Multicast randomly hangs around 70-90% on last partition

benc

@george1421 I edited www.conf and set the values you specified. There was only one copy, located in /etc/php/7.1/fpm/pool.d/. The server at this location is running Ubuntu Server 18.04.1 and FOG 1.4.4. Tried a multicast with 5 machines and it failed the first time at 86%, then I tried it a second time and it failed at 93%. My third attempt was with 2 clients, and it failed at 90%. I attached a pic of a client after each attempt just after it hung. After it hangs, elapsed time on the clients is still counting up, and GB/min is slowly decreasing since there is no activity. I looked at each client to confirm they all showed the same thing. They all stop at the same block and the Partclone screens are identical. I checked the hard drive LEDs on each client to make sure none of them are hung or showing signs of drive failure. All clients have a 120GB SSD. During the first 3 or 4 minutes, the speed is around 11-12 GB/min, but I can usually tell when it’s about to fail because the speed will start dropping to around 8-9 GB/min. HD LEDs on each client flash as expected, and none of them are staying lit constantly. I have also tried using different images in case it is something related to the image. Also, when I use unicast to deploy, it works fine on all machines and runs near 12 GB/min the whole way through.

george1421

@benc The fix I posted will only address a specific issue with FOG 1.5.4, It will not help fog 1.4.4 since it doesn’t use php-fpm.

So what does the multicast log say in /opt/fog/logs? Does it give you a clue to why its failing?

benc

@george1421 I haven’t had a chance to dig much deeper into this issue since my last post but I did look through the logs of the last server I was using. I see a lot of timeouts, but I’m not familiar enough with the logs to be able to identify the issue. I can post a log here if that would help. Which log(s) would be relevant?

Fernando Gietz

Hi,

We are having performance problems with the multicast task too with FOG 1.5.4 version. In some sites the performance is good but in another ones the performance is vey very bad.

We have two fog servers: the old fog server with 0.30 version and the new one with 1.5.4. We can deploy without problems with the old one (the both servers are in the same vlan and deploy to the same vlans) but with the new one no.
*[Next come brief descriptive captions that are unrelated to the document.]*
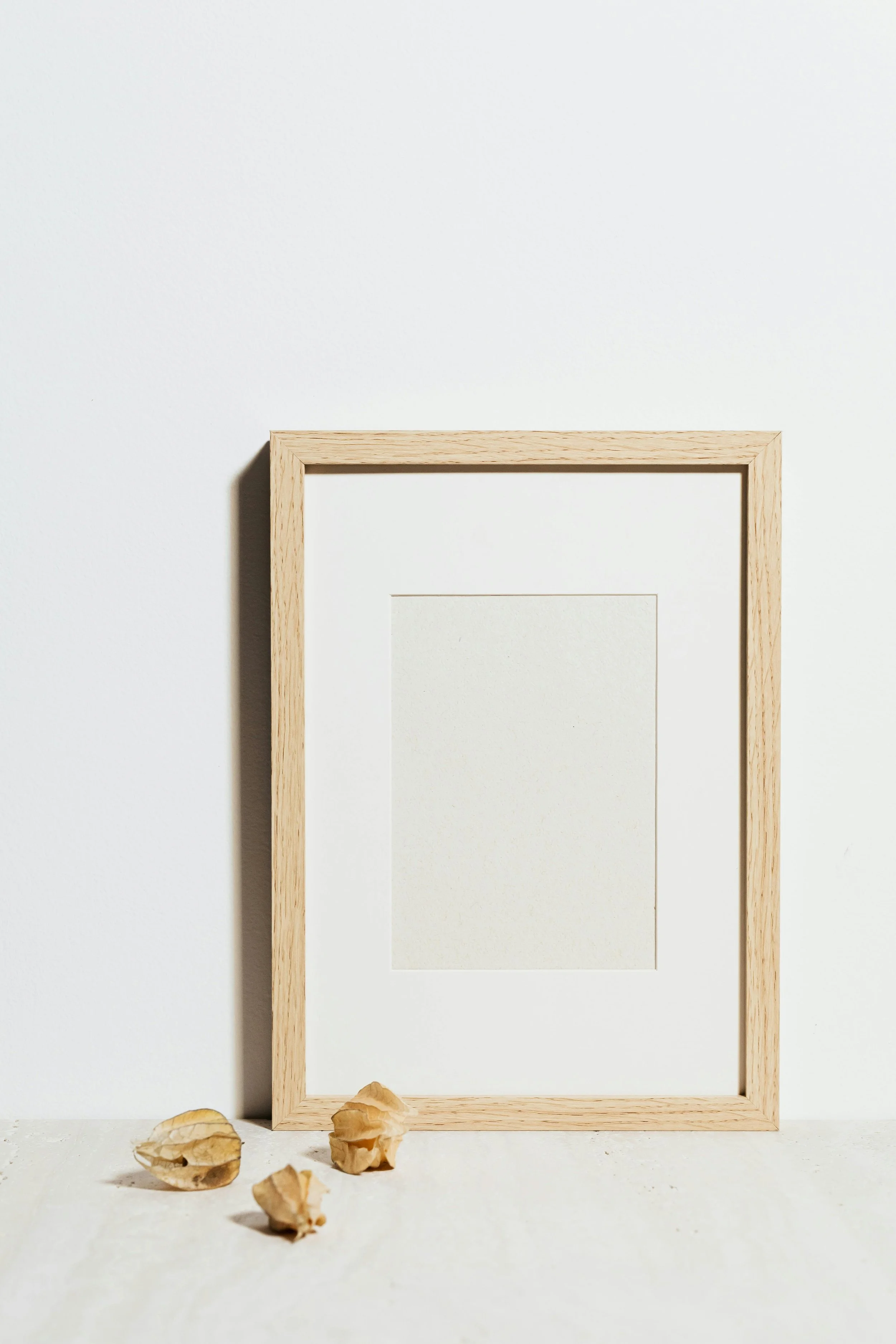 Empty picture frame with a wooden border on a white background, with three dried leaves at the bottom.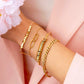 Elegante Goldarmbänder in verschiedenen Designs an einem Handgelenk vor zartrosa Hintergrund. Zu sehen sind ein geometrisches Armreif-Design mit quadratischen Elementen, ein feines Kettenarmband mit ovalem Detail, ein modernes Spiral-Armreif sowie ein Gliederarmband in glänzendem Goldton.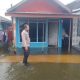 Anggota Polsek Danau Panggang melakukan monitoring terhadap debit air di pemukiman warga. (Dok. Humas Polres HSU)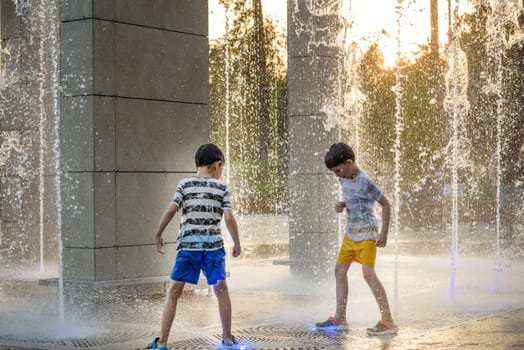 Boys jumping in water fountains. Children playing with a city fountain on hot summer day. Happy friends having fun in fountain. Summer weather. Friendship, lifestyle and vacation.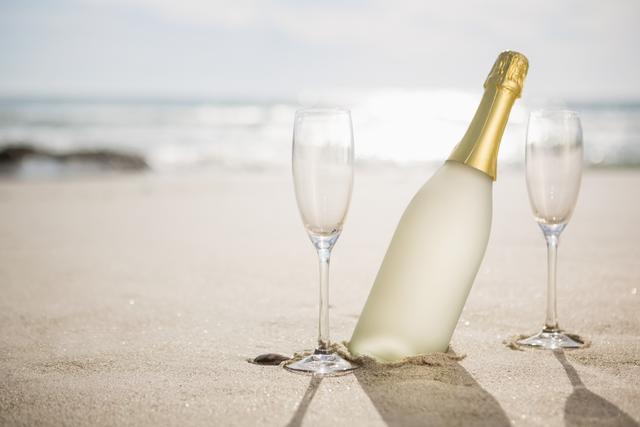 Champagne bottle and two glasses on sand at tropical beach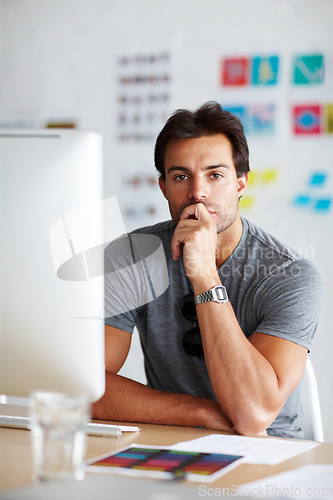 Image of Thinking creative thoughts. A handsome young man sitting in front of his computer looking pensive.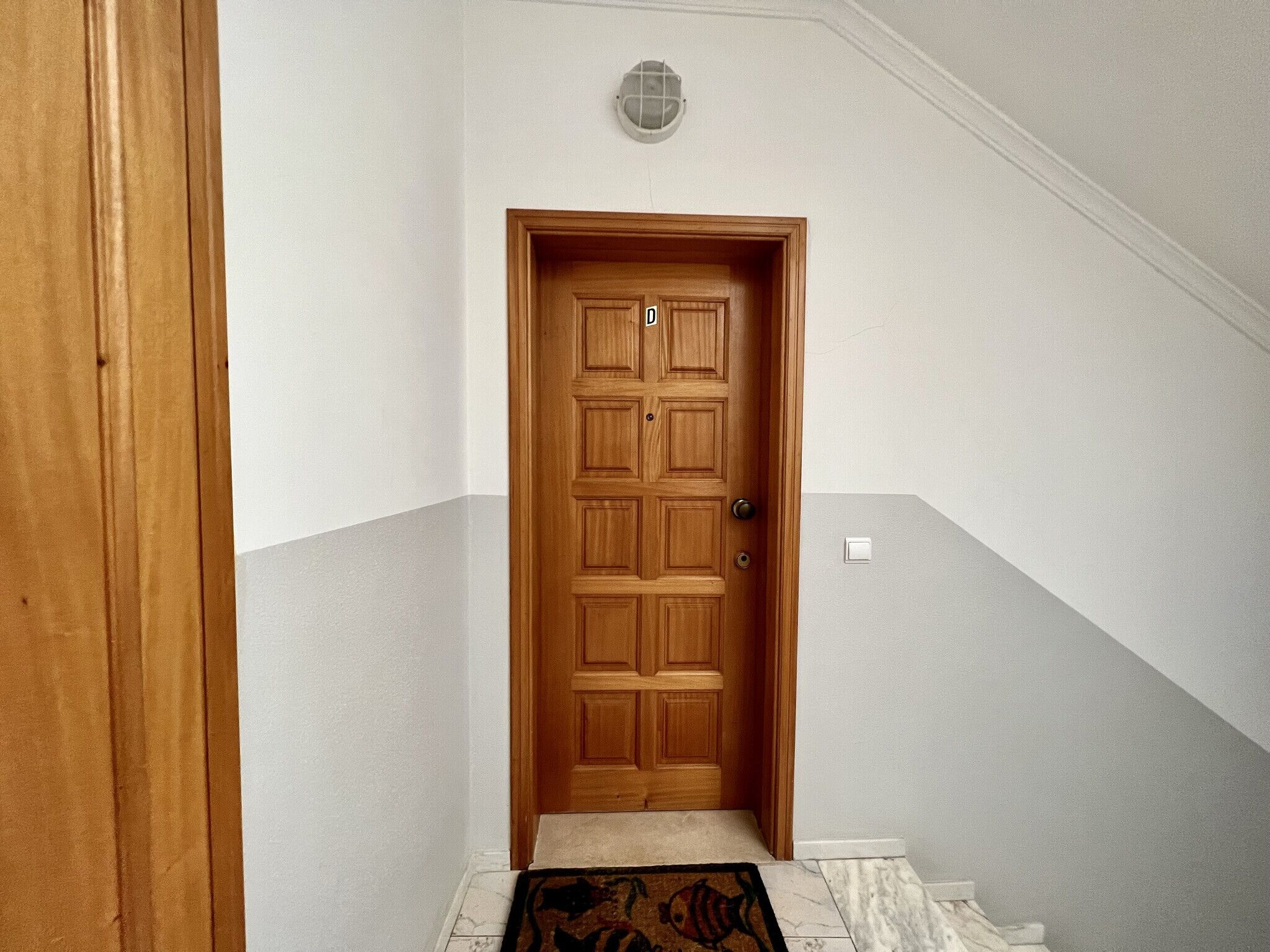A wooden door with a light switch on the wall above it.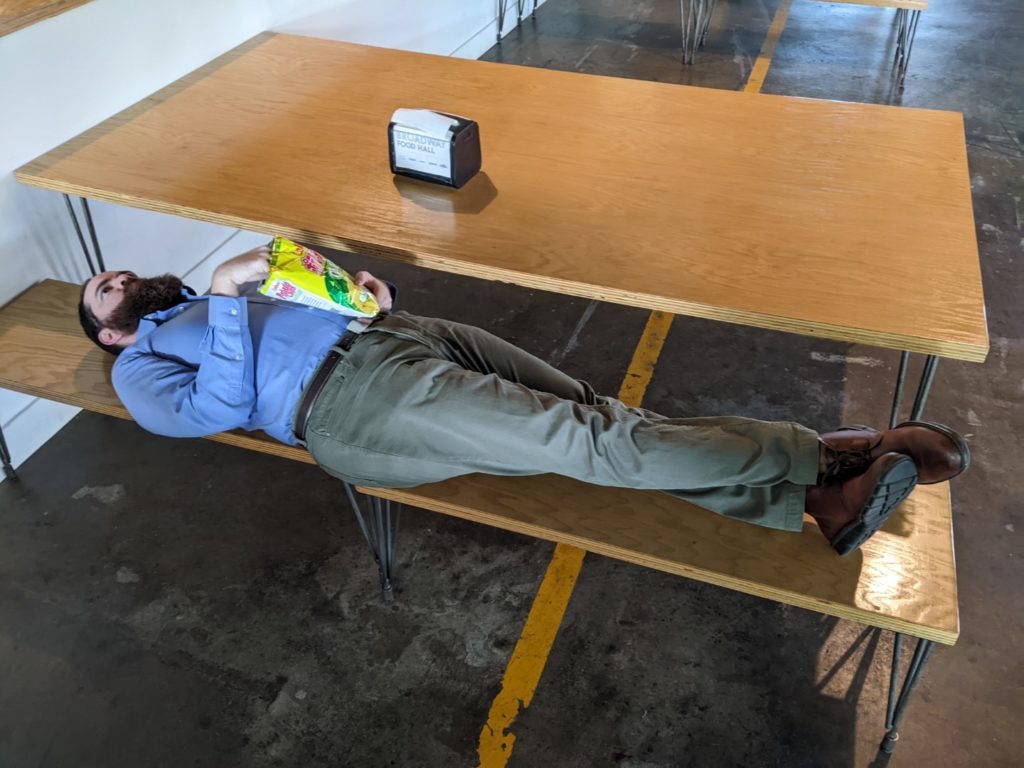 a white man with brown hair and a red beard lays on a wooden bench connected to a wooden table. He is wearing a blue button up long sleeve shirt and khaki pants. He has his ankles crossed and is holding a bag of chips.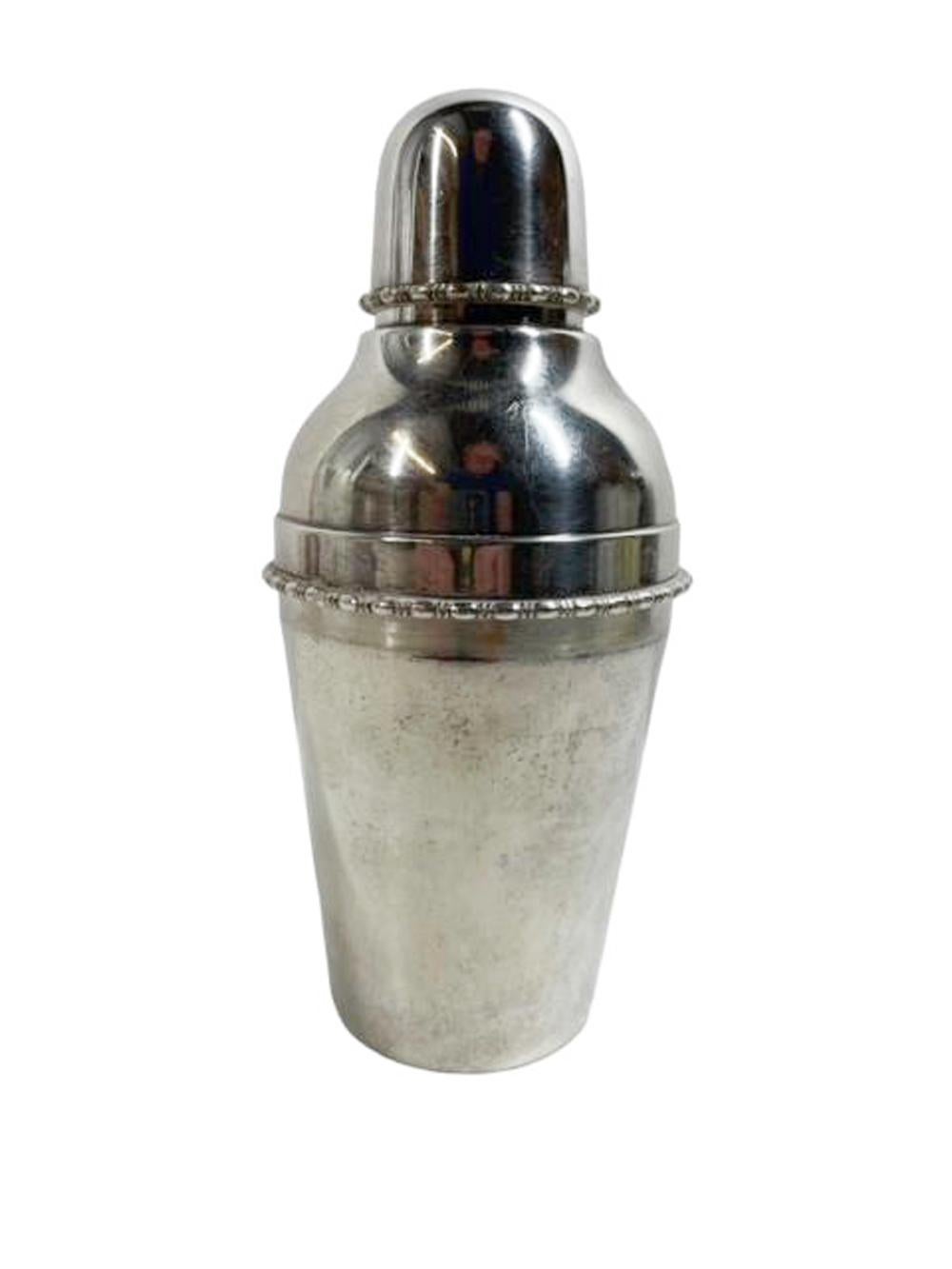 English Art Deco silver plate cobbler type cocktail shaker by Martin Hall with domed cap and beadwork detail to the edge of the lid and cap. Marked on the bottom M.H. in a rectangle below the number 4.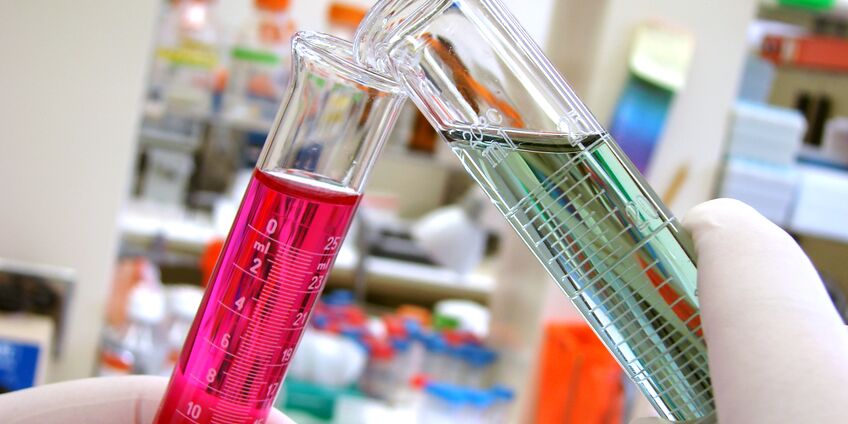 Inhalt von zwei Reagenzgläsern wird in einem Labor zusammengeschüttet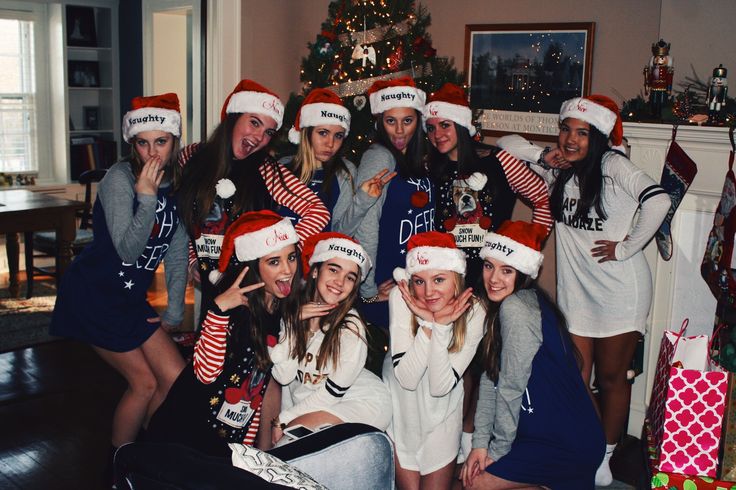 a group of women in christmas hats posing for a photo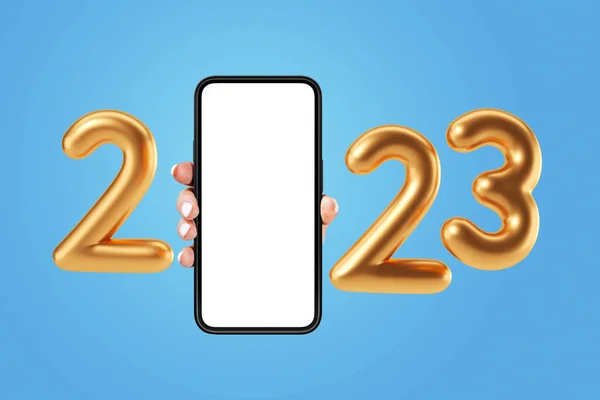 大きな空のモックアップ画面を持つスマートフォンを握っている女性の手 青い背景の黄金の2023番号 新年のコンセプトとつながり — ストック写真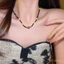 Vòng cổ phong cách Trung Quốc với đá ngọc trai và hạt xương đòn, thiết kế Tây Tạng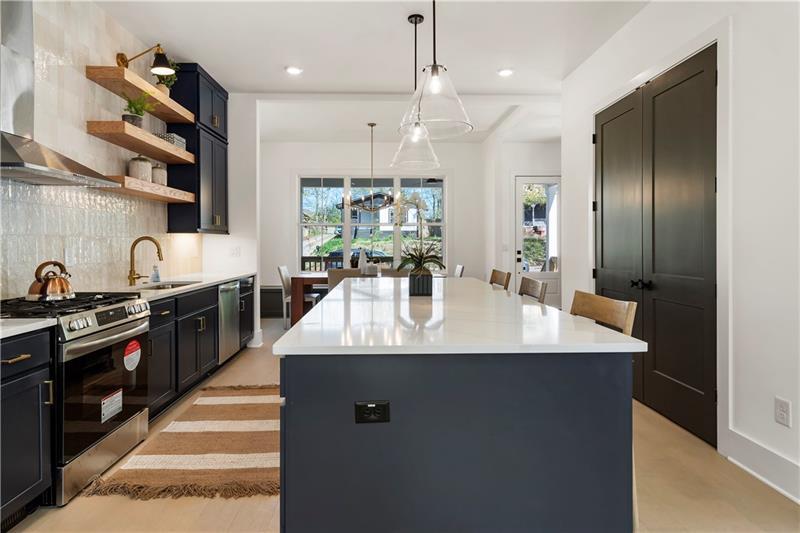 1901 Browns Mill Road Southeast Atlanta, GA 30315 - Photo 14 of 42 a kitchen with stainless steel appliances granite countertop a sink a stove and a refrigerator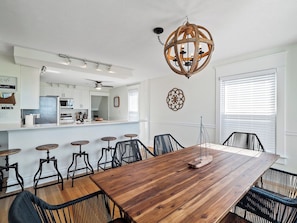 A dining area with a wooden table and chairs, a kitchen in the background, and a decorative ceiling light. - Waterfront sleeps 13 2-Kings/Crib/1st flr sleeper (Port Clinton)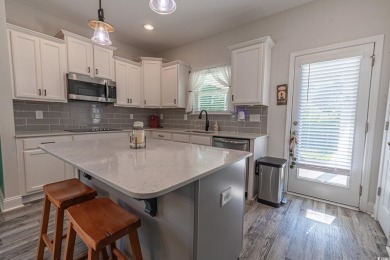 Spacious two-story home with four-bedrooms, two-and-a-half-bath on Shaftesbury Glen Golf and Fish Club in South Carolina - for sale on GolfHomes.com, golf home, golf lot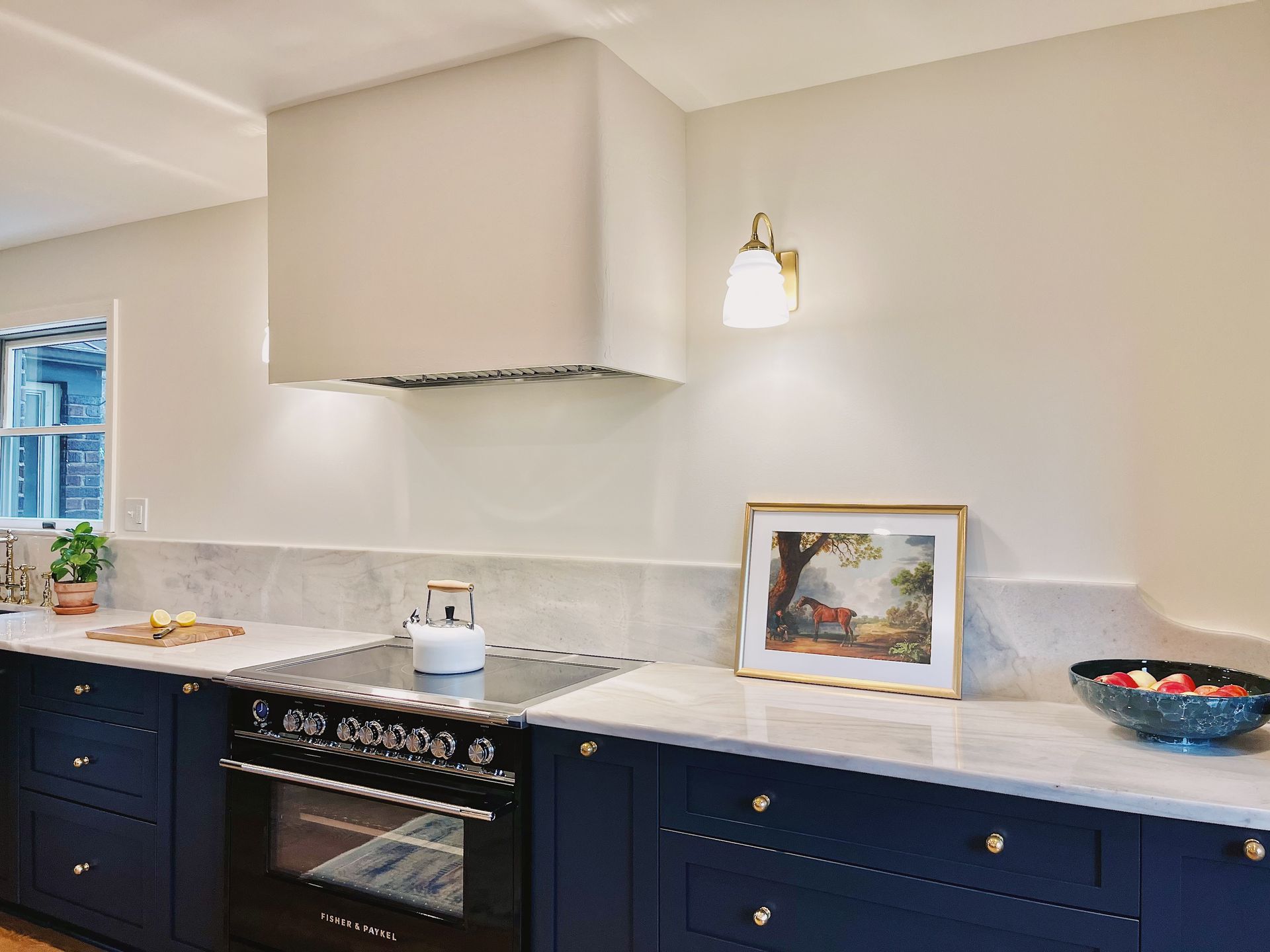 Modern kitchen with navy cabinets, white counters, stove, and decorative bowl and framed art on the counter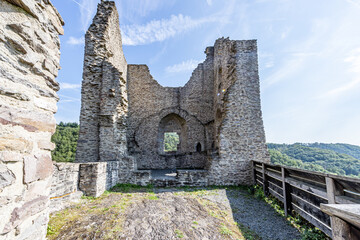Front view of what was a tower with a window, destroyed and damaged stone walls in Brandenburg castle, hills with green trees in the background, sunny summer day with clear blue sky in Luxembourg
We are testing the net to know which is the problem but without success, but we have noticed that the --mcast-data-address always is the same value and in the old fog server always is different. Can be this parameter the problem?

benc

0_1532980312008_multicast.log.udpcast.1.log

I pulled one of the multicast logs from the last server I used. Had to add .log to the end of the file to upload it here. Hope this helps.

Sebastian Roth

@benc Thanks for the multicast log. Really strange behavior I find. Why would the last partition play differently on multicast that do all the other partitions do (just thinking out loud)?
From the log it seems kind of random. Sometimes it’s just one client not answering and next it’s all of them at the same time:

Timeout notAnswered=[2] notReady=[2] nrAns=5 nrRead=5 nrPart=6 avg=106
Timeout notAnswered=[0,1,2,3,4,5] notReady=[0,1,2,3,4,5] nrAns=0 nrRead=0 nrPart=6 avg=105

What kind of filesystems do you have on those four partitions? Is it all FAT32 or NTFS?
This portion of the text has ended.